Microstrategy Visual Insights live connection issues
Microstrategy’s data import feature is promising, because it can shorten the time to insight. Instead of architecting a project schema up front (attributes, facts, metrics), you can import tables directly into a dataset (Intelligent Cube).
The new “Connect Live” capability, introduced in MSTR 10, is especially interesting because it gives you the best of both worlds: rapid development by going straight from DB to dashboard, while generating
queries to push filters and aggregation into the DB just like the traditional ROLAP model. Because the data is fetched on demand, you don’t have to pre-filter the dataset for the use case to keep it under
the in-memory size limit – filters can be specified on the dashboard directly and those get translated into WHERE
clauses in SQL. Likewise you don’t have to worry about refreshing the intelligent cube
when your underlying data changes.
Of course, there’s a catch.
I ran into a number of issues with Connect Live:
- The most troubling one was that live connections would add improper cross joins and give me incorrect answers, when in-memory datasets gave the correct result.

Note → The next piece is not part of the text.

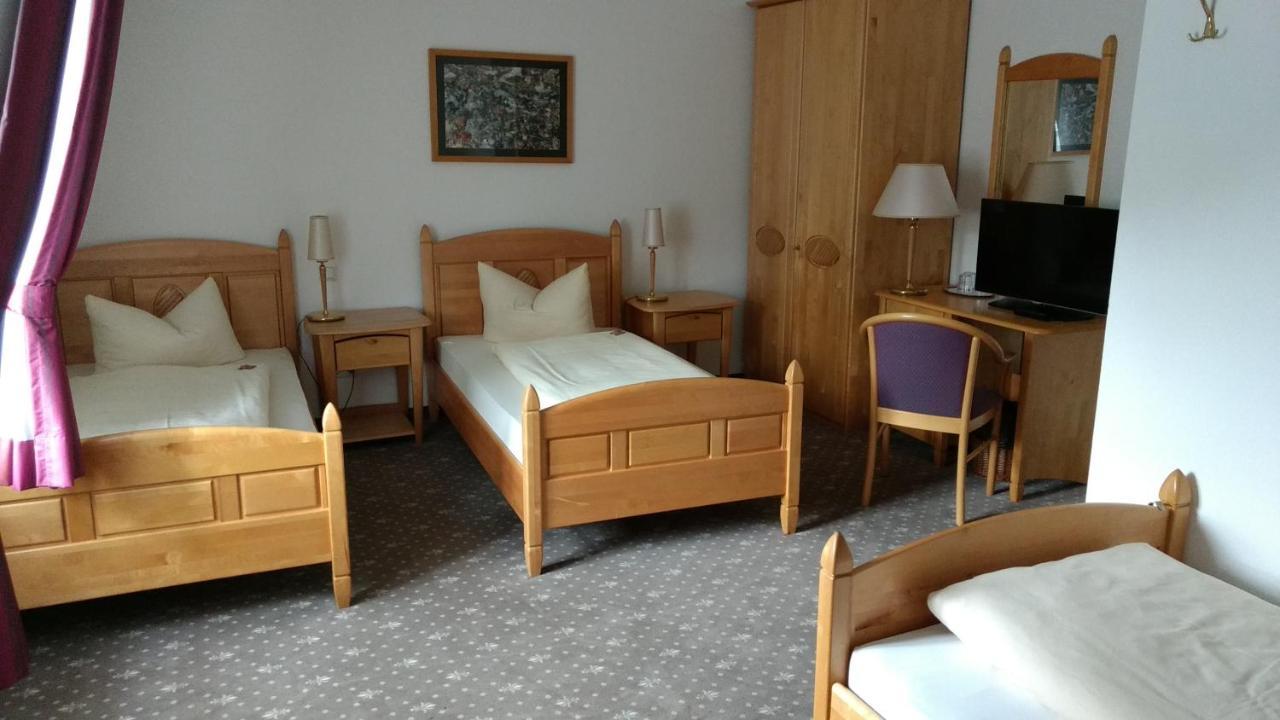 Hotel Lindenhof / Gastehaus An Der Teufelsmauer Thale Esterno foto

- Although it looks like you can just “pick tables” and start using them in a dashboard, you often have to clean up attribute relationships to avoid errors like “SQL Engine got an exception from DFC: %1”. These attribute relationships can also cause unexpected cross-joins and wrong answers.
- Sometimes I was seeing an extra
select distinct
pass on some dimensions without any filters, which could be expensive. - There is no “View SQL” option with dashboards, so you have to monitor generated SQL on the DB server itself (assuming you’re on Desktop).
Given all these traps with live connections it may be counterproductive to use them for anything non-trivial, like discovery with simple filters and roll-ups. When it was all said and done, dealing with the above issues on a small model might have cost me more time than modeling a classic project schema.
In-memory datasets are an option and tended to work more reliably, but only if your dataset is small, or your use cases can be supported by pre-filtering at the dataset/intelligent cube level. Also, it is not obvious to an end user that changing your Data Access Type might change your results or break your dashboards – the only difference between live/in memory should be performance and operational characteristics.